Интересно было бы исследовать, в какой степени практика участия в научных кружках повлияла на теоретические взгляды формалистов как исследователей сходных структурно-организационных явлений в истории русской культуры. Эйхенбаум явился автором концепций «литературного быта» и «литературной домашности». У младоформалистов излюбленным предметом изучения стали кружки. Книга М. И. Аронсона и С. А. Рейсера «Литературные кружки и салоны» (Л., 1929) вышла под редакцией и с предисловием Эйхенбаума и под грифом «Трудов семинария Б. М. Эйхенбаума по изучению литературного быта» при ГИИИ. Статья Эйхенбаума «Литературная домашность», опубликованная в его «Временнике» [Эйхенбаум, 1929: 82–86], была одновременно напечатана в качестве предисловия к этому изданию (с. 3–7). С другой стороны, Я. С. Левченко убедительно продемонстрировал, что эйхенбаумовская концепция «литературного быта» была ответом на «новый вызов литературной современности: не как писать, а как быть писателем» [Левченко, 2012: 175], а сама эта проблема могла быть подсказана Эйхенбауму фигурой Шкловского, ведь Шкловский, по мнению Эйхенбаума, – «не только писатель, но и особая фигура писателя» ([Эйхенбаум, 1929: 131]; см. также: [Pilshchikov, 2012/14]).
Для понимания формализма как сообщества принципиально не упускать из виду внутриформалистические конфликты, разногласия и кризисы.
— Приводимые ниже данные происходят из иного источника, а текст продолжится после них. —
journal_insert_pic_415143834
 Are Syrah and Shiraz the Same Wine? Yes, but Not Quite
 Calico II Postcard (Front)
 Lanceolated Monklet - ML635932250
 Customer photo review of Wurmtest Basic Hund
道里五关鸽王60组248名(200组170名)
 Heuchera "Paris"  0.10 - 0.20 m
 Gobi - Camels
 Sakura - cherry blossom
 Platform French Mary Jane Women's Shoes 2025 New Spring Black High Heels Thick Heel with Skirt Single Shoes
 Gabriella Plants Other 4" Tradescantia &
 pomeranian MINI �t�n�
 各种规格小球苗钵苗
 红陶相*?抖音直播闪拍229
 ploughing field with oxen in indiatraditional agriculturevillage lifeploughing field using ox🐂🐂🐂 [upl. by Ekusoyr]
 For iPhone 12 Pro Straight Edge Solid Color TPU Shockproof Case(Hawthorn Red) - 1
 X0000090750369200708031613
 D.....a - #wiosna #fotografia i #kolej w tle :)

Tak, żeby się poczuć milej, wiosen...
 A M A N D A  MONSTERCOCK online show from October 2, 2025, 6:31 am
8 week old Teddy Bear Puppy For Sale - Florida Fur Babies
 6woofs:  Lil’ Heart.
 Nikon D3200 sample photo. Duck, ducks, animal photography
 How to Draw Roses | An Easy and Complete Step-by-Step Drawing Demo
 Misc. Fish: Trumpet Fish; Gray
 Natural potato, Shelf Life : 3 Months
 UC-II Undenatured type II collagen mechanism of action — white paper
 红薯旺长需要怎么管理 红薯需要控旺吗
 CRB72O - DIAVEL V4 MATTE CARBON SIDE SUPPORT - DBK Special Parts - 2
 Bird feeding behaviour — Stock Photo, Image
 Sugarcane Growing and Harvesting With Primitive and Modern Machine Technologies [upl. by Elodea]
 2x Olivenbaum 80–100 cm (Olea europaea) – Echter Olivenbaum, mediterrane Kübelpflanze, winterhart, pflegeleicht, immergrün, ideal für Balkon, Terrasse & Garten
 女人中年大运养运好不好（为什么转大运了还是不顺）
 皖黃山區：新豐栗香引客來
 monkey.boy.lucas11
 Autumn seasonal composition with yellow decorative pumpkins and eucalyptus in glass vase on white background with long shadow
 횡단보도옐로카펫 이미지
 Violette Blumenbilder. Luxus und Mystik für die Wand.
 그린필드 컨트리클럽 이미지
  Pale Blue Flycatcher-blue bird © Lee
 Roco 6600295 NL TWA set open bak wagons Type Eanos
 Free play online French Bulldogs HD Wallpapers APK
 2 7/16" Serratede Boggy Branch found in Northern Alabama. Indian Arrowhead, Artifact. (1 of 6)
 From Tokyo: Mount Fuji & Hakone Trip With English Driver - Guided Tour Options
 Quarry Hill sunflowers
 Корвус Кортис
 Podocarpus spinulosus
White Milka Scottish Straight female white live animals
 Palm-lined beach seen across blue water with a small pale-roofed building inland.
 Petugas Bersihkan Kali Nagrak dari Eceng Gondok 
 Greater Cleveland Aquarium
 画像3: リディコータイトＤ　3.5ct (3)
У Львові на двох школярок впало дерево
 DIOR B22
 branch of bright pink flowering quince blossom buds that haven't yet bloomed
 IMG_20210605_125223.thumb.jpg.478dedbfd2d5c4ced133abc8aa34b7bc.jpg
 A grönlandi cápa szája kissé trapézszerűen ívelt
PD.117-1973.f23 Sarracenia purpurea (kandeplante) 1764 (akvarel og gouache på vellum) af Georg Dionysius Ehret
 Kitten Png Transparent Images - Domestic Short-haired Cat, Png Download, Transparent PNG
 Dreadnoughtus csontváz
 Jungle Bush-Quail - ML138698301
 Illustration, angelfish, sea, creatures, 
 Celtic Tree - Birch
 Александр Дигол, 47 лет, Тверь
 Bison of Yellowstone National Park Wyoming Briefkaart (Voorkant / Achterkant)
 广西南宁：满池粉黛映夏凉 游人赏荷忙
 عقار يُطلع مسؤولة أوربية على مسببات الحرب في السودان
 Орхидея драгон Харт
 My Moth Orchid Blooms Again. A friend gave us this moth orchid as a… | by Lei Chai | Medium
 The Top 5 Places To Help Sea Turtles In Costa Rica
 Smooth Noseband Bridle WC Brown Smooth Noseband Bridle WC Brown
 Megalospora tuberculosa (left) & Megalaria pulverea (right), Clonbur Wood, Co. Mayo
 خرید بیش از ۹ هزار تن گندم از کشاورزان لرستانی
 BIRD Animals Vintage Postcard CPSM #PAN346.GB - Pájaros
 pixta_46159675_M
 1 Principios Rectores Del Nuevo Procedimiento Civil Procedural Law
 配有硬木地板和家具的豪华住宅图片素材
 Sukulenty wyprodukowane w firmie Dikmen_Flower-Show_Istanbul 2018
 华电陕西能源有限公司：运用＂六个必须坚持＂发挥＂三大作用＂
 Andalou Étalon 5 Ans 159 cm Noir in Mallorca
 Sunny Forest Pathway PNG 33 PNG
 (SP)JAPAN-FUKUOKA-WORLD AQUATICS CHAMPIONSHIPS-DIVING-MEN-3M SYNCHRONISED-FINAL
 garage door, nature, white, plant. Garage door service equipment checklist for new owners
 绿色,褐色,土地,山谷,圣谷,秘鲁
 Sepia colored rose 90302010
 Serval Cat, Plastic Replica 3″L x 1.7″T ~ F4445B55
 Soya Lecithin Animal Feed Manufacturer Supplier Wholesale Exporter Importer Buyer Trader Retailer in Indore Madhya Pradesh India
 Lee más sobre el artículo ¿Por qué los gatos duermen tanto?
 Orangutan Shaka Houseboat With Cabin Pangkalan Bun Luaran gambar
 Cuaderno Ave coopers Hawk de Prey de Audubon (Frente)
На праздновании 5-летия Московского лингвистического кружка (29 февраля 1920 года) один из его основателей – А. А. Буслаев – использовал главный политический термин того времени для определения целей МЛК: «главная задача Кружка – методологическая революция» [Якобсон, 1996: 363]. Шкловский и Тынянов описывают литературные явления в терминах борьбы (жанров, направлений и т. д.). Та же метафорика у Эйхенбаума:
Так называемый «формальный метод» образовался не в результате создания особой «методологической» системы, а в процессе борьбы за самостоятельность и конкретность литературной науки [Эйхенбаум, 1927: 116].
В текстах Якобсона обычна репрезентация филологических споров как боев и сражений, а теории «непротивления формы материалу» он противопоставлял «теорию организованного насилия поэтической формы над языком» [Якобсон, 1923: 16], переиначивая толстовские формулировки («непротивление злу насилием», «организованное насилие есть правительство»[49]), с которыми спорил Троцкий («Толстой», 1910):
В отличие от Толстого, мы говорим и учим: организованное насилие меньшинства можно разрушить только организованным восстанием большинства [Троцкий, 1926: 261].
Впрочем, в 1910-е и 1920-е годы о государстве как «организованном насилии» не писал только ленивый.
С. Н. Зенкин замечает:
Русский формализм, как и вообще культура авангарда, развивался в контакте с идеологией коммунистического государства и разделял некоторые ее ценности, однако занимал более ответственную, а потому нередко и конфликтную позицию по отношению к ее концепциям [Зенкин, 212: 308].
Хотя не вполне ясно, на каком основании исследователь сравнивает ответственность формалистов за свои ценности с (без)ответственностью коммунистического государства (resp. большевистского правительства), характерно само сравнение «формальной школы» с государством, сообщающее ей отчетливую коллективную идентичность, причем идентичность политизированную.